NKorea: Rocket engine test a success

Visitors look at the North side on a foggy day at the Imjingak Pavilion near the border village of Panmunjom in Paju, South Korea. North Korea says it has successfully tested a new intercontinental ballistic rocket engine. (AP)

Visitors look at the North side on a foggy day at the Imjingak Pavilion near the border village of Panmunjom in Paju, South Korea. North Korea says it has successfully tested a new intercontinental ballistic rocket engine. (AP)

Seoul, South Korea — North Korea said yesterday it has successfully tested a new intercontinental ballistic rocket engine that will give it the ability to stage nuclear strikes on the United States.

The engine’s ground test, if true, would be a big step forward for the North’s nuclear weapons program, which saw its fourth atomic test earlier this year. But the North may still need a good deal of work before it can hit the US mainland with nuclear missiles. South Korean officials say North Korea doesn’t yet have a reliable intercontinental ballistic missile, let alone the ability to arm it with a nuclear warhead.

The test, announced by the North’s official Korean Central News Agency, is only the latest in a string of what Washington and its allies consider North Korean provocations, including last month’s launch of a medium-range ballistic missile that violated UN Security Council resolutions that prohibit any ballistic activities by North Korea.
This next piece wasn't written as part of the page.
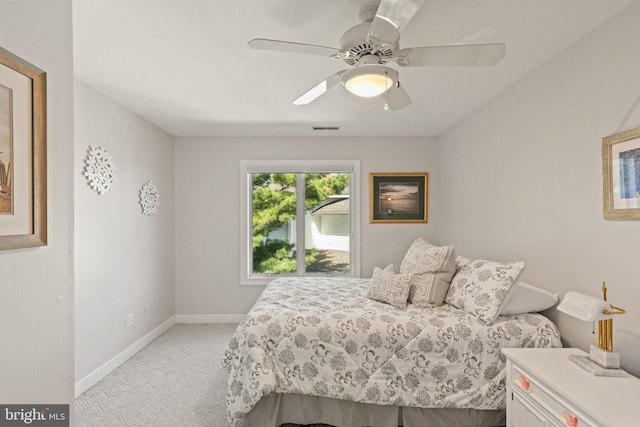 317 Kennard Ave, Edgewood, MD 21040 - bedroom with visible vents, light colored carpet, baseboards, and a ceiling fan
It was the North’s first medium-range missile launch since early 2014.

In Washington, State Department spokesman Mark Toner called on North Korea to “refrain from actions and rhetoric that further destabilize the region and focus instead on taking concrete steps toward fulfilling its commitments and international obligations.”

The North has also threatened preemptive nuclear strikes against Washington and Seoul and fired short-range missiles and artillery into the sea in an apparent response to ongoing US-South Korean military drills and tough UN sanctions imposed over the recent nuclear test and a long-range rocket launch earlier this year.

Some analysts think young leader Kim Jong Un’s belligerent stance is linked to a major ruling party congress next month meant to further cement his grip on power.

The outside pressure and anger caused by bombastic threats and repeated nuclear-related tests, the argument goes, is meant to rally the North Korean people around Kim as he stands up to powerful enemies trying to crush the North.

It is also possible that such efforts to promote military accomplishments to domestic audience are meant to make up for a lack of tangible economic achievements ahead of the Workers’ Party congress, the first since 1980, said Kim Dong-yub, a North Korean expert at Seoul’s Institute for Far Eastern Studies.